§ **Dataset excerpt**
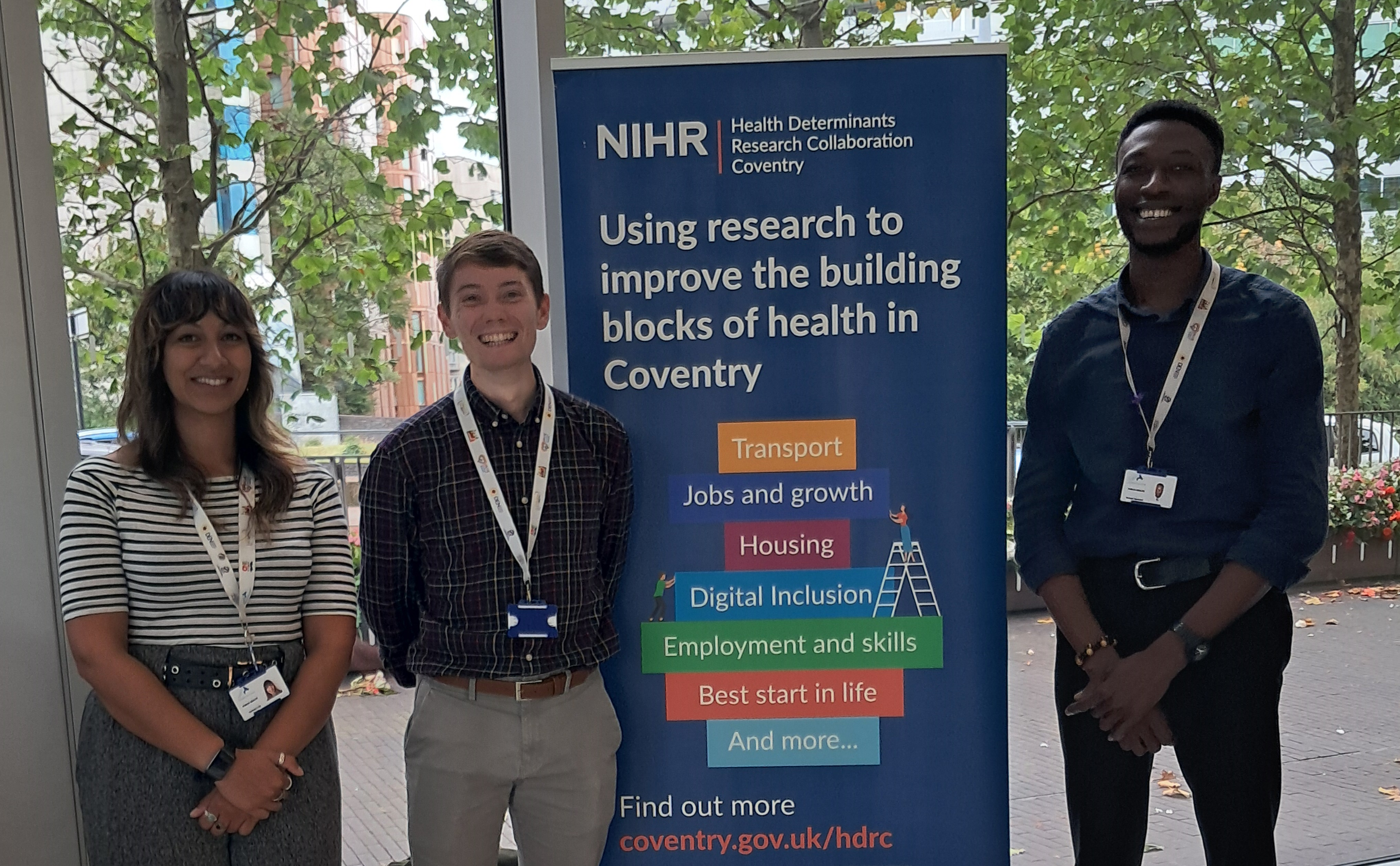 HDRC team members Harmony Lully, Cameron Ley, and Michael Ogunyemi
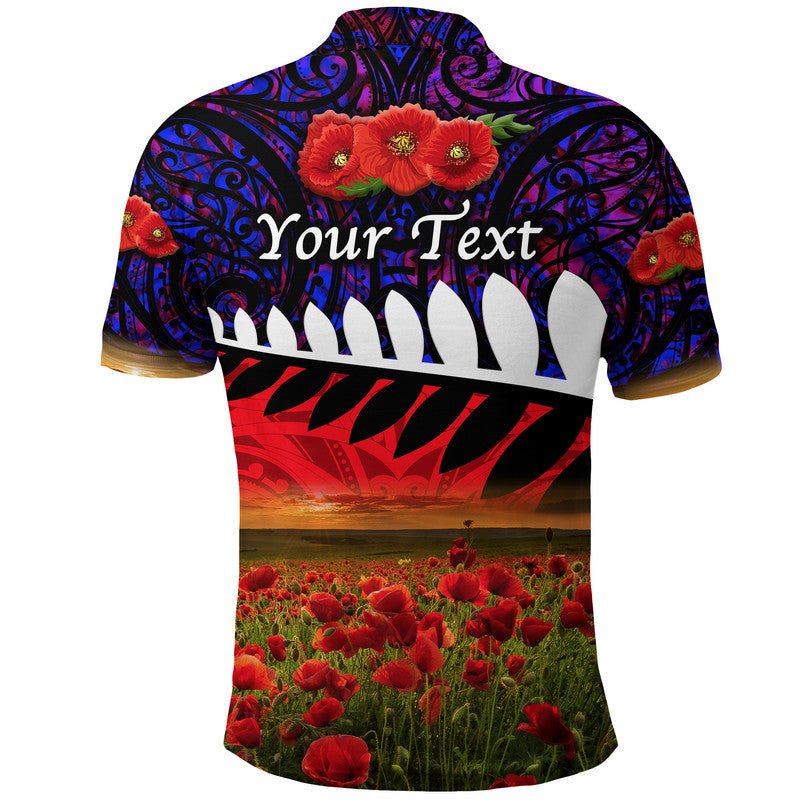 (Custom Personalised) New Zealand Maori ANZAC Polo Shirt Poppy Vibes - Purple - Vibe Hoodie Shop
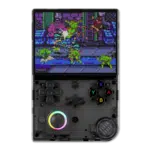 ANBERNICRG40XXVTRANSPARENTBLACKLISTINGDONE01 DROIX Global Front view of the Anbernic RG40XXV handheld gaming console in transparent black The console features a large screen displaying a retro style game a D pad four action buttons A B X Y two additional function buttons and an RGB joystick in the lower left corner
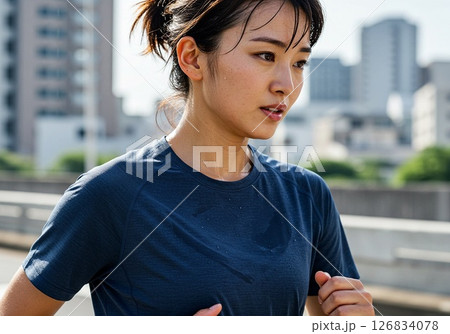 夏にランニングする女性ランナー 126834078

§ **What to work on**
Set down all the material exactly once more. No pictures.

§ **Reply**
 HDRC team members Harmony Lully, Cameron Ley, and Michael Ogunyemi
 (Custom Personalised) New Zealand Maori ANZAC Polo Shirt Poppy Vibes - Purple - Vibe Hoodie Shop
 ANBERNICRG40XXVTRANSPARENTBLACKLISTINGDONE01 DROIX Global Front view of the Anbernic RG40XXV handheld gaming console in transparent black The console features a large screen displaying a retro style game a D pad four action buttons A B X Y two additional function buttons and an RGB joystick in the lower left corner
 夏にランニングする女性ランナー 126834078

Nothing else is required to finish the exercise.